Immigration has been a pressing issue dating back to childhood for recent graduate Claudia Chavarria, L’21. Becoming an advocate for her community, Chavarria is a staff attorney with the Released Children Unit at the Refugee and Immigrant Center for Education and Legal Services (RAICES).
Chavarria primarily works on special immigrant juvenile status visas, adjustment of status cases and asylum cases. In her day-to-day tasks, she prepares applications for special immigrant juvenile cases and adjustment of status cases. A large portion of Chavarria’s time is spent communicating with clients, collaborating on items such as affidavits for asylum cases.
“It’s important to communicate with them to collect the correct information for their applications,” Chavarria said. “It’s also a matter of continuously reviewing cases to see the best form of relief that’s available to them and constantly communicating and updating them about their cases.”
Chavarria’s upbringing in El Paso, Texas initially piqued her interest in immigration.
“Being from a border city, I would see my friends affected by the immigration changes and that is what ultimately grew my curiosity in my current area of work,” Chavarria said.
Before she arrived at KU Law, Chavarria volunteered at Court Appointed Special Advocates (CASA) for children of El Paso, and the experience solidified her decision to attend law school and focus on immigration law.

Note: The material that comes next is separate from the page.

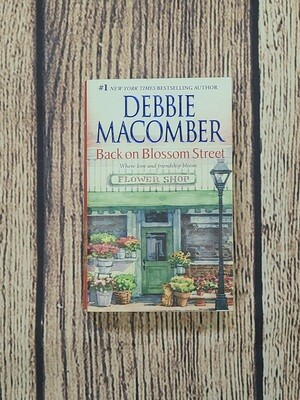 Back on Blossom Street by Debbie Macomber - Paperback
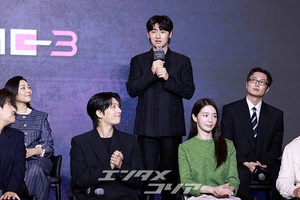 【フォト】『イカゲーム3』のキャストたち、明るい表情でポーズ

“I loved seeing how I could actually change somebody’s life because that’s always something I wanted to do,” Chavarria said. “Many people think the main way you can help somebody is being a nurse or a doctor, but I just didn’t want to be close to blood or anything like that.”
Even though Chavarria’s work is not about physically saving lives, her work grants many immigrants an entirely new life in America.
“It’s incredible seeing someone gain status in the country and what they can do for themselves or their family and any future generations,” Chavarria said. “It really impacts me, and it’s why I enjoy doing this work.”
Chavarria dreamed of being a lawyer as a young girl, even if she was unsure of all the career entailed. When she started looking into law school, the decision to attend KU was an easy one.
“It was a gut feeling that KU was the right place for me,” Chavarria said. “It came back to the attention I was receiving from administration.”
Chavarria had no questions left unanswered and was even able to meet with current KU students from her hometown.
“It was just the sense of community I was receiving even before I accepted my offer to attend KU Law,” Chavarria said. “That support continued after I accepted, and I still wasn’t even in Kansas yet.”
At KU Law, courses in immigration law and asylum played an important role in preparing Chavarria for her current position.
“Asylum and Refugee really helped me because we got to go through real-life cases and analyze how the courts have been making decisions,” Chavarria said.
She was impressed and grateful for Professor David Gottlieb’s dedication to the subject matter.
“Even after the class had ended, our professor was sending us updates about this big case going on,” Chavarria said. “It was really helpful since the updates were about the area I was trying to specialize in.”
Chavarria collected more knowledge and experience during law school as a clerk at Treviño Law Office L.L.C.
Throughout law school and in her current position, Chavarria has always valued her mental health.
“I have great supervisors who prioritize my mental health above all,” Chavarria said. “They advocate for their employees and having that support system around us when things get frustrating … that’s really amazing.”
Chavarria recommends KU Law students put a special emphasis on their mental health and refrain from comparing personal progress to peers’ progress.
“You don’t have to burn yourself out or feel guilty when you’re not working 24/7,” Chavarria said. “Remember no one knows everything. It’s okay if you feel like you’re lost at times. Just find yourself again, be patient and always ask questions.”